Topical Research goes broader and deeper. Instead of zeroing in on just the lucrative keywords, it asks: “What are all the related topics and questions someone interested in this field might have?” It’s about mapping out an entire subject area and creating content to cover every significant angle of it. For a bakery site, topical research might lead to content about baking tips, recipes, cake decorating tutorials, ingredient guides, the history of certain pastries, how to cater events, etc. Many of these topics might not directly advertise your products, but they establish your site as a rich resource on baking and pastries. Topical research is about becoming contextually complete in your niche.
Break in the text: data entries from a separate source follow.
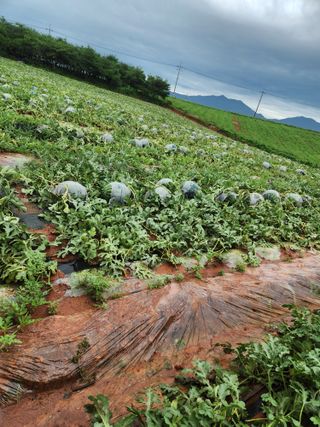 김저팔계님의 기타작물 · 영농일지 작성글 사진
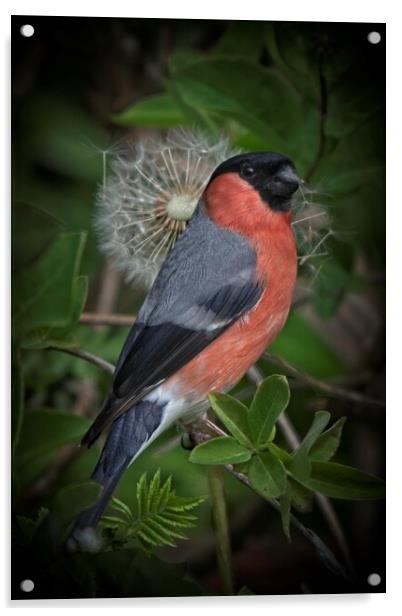 Bullfinch Pyrrhula pyrrhula British Garden Bird Acrylic by Martyn Arnold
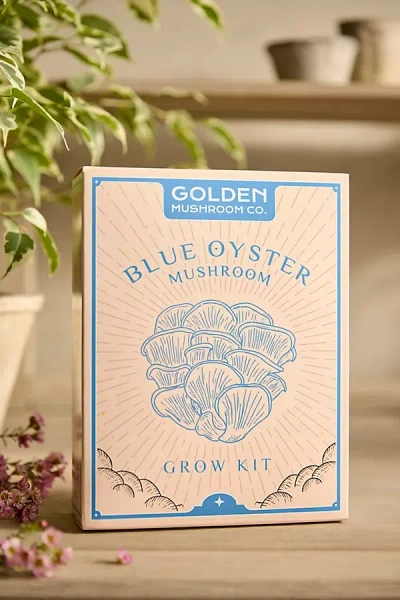 Terrain Mushroom Grow Kit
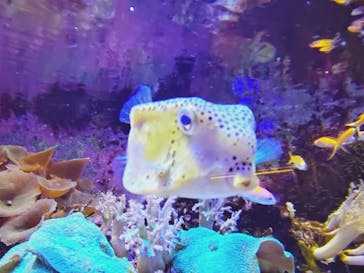 横浜開運水族館 フォーチュンアクアリウムに投稿された画像（2025/8/14）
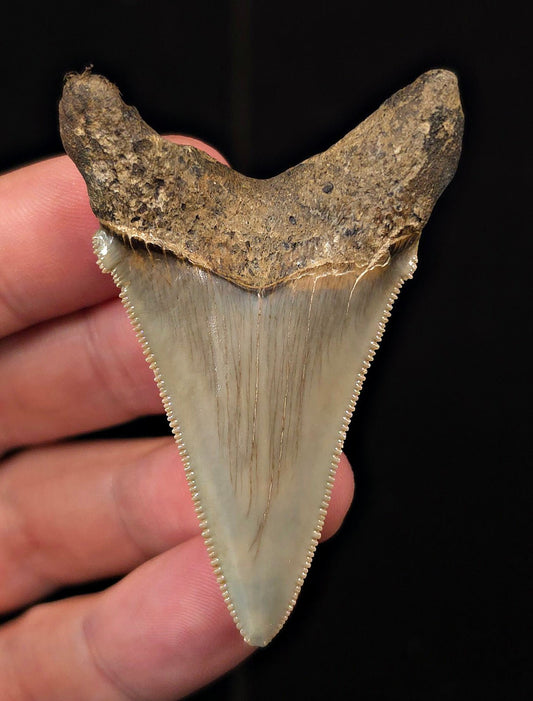 2.44" Fossil Angustidens Shark Tooth – South Carolina (Otodus angustidens) (Angy #3111) - Fossil Driven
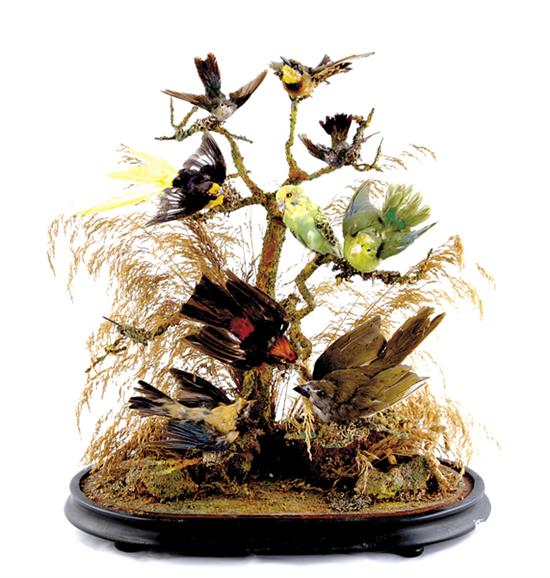 Appraisal: Victorian bird diorama th century parakeet three hummingbirds and four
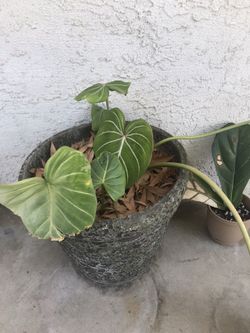 Recovering Philodendron Gloriosum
A common mistake is focusing only on the short-term keyword strategy (“let’s rank for cake shop London”) and neglecting the broader topical coverage. Doing so might get you ranking for a few main terms, but you’ll miss out on building that deeper trust with search engines that says “this site is an expert on this subject.” When you invest in covering your topic comprehensively – even including informational articles or guides that aren’t directly selling something – you signal to Google that you’re serious about this domain, not just cherry-picking keywords.
From Google’s perspective, a site that demonstrates topical authority is a safer bet to rank for any query in that subject area. If they show a result from such a site, the user is more likely to get a thorough answer, maybe even answers to related questions. That means fewer follow-up searches, which again means Google’s work ends with your site.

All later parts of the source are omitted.